The cg42 survey found that many cord cutters warmed up to the idea of online streaming via Netflix (NFLX) or Amazon’s Prime Video (AMZN).

“It’s portrayed as a hard cut,” Beck said. “That’s not how it plays out now; most customers have spent time on Netflix.”

Respondents also reported that they were saving substantial sums—although the exact numbers cited in the survey suggest their math got a little fuzzy. It quotes an average home telecom cost of $203 before cutting the cord—that’s $92 for pay TV, $55 for internet access, $26 for streaming video and $30 for phone—and $118 afterwards, consisting of the same price for Internet access, $29 for streaming video and $34 for phone service.

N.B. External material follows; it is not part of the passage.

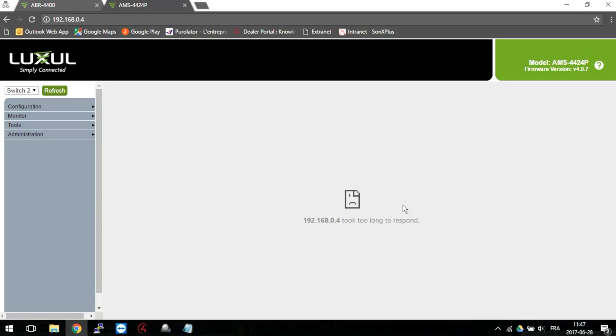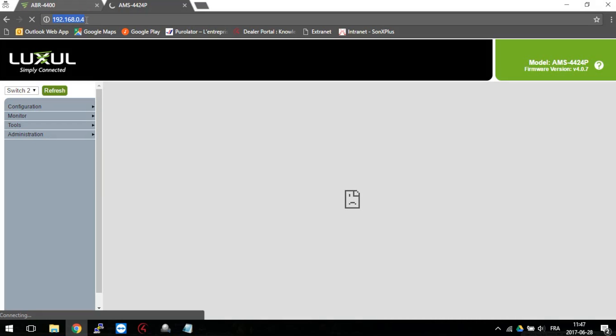First, login to your switch IP address. In case of an AMS4424P, the address should be 192.168.0.4.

Since so many cable providers charge more for internet access when it’s not bundled with TV, and since the entry-level packages of DirecTV Now, YouTube TV, Hulu and Vue all start at $40, those estimates warrant serious skepticism. Therefore, so does the $5.5 billion lost-revenue estimate calculated from that $85 estimated savings.

“I think this is where self-reported data sometimes presents a bit of a challenge,” Beck admitted.

How will cable companies respond?

Will Big Cable respond to this accelerating trend by recognizing that it’s now in the internet business first, TV second and begin marketing its services accordingly? Beck doesn’t expect such enlightenment.

“I would expect that part of the story for cable providers to get worse,” he warned, citing not just punitive pricing for internet-only subscribers but the possibility of cable operators using the absence of net-neutrality rules to lean on online-only TV services. “You’re going to see more bad behavior.”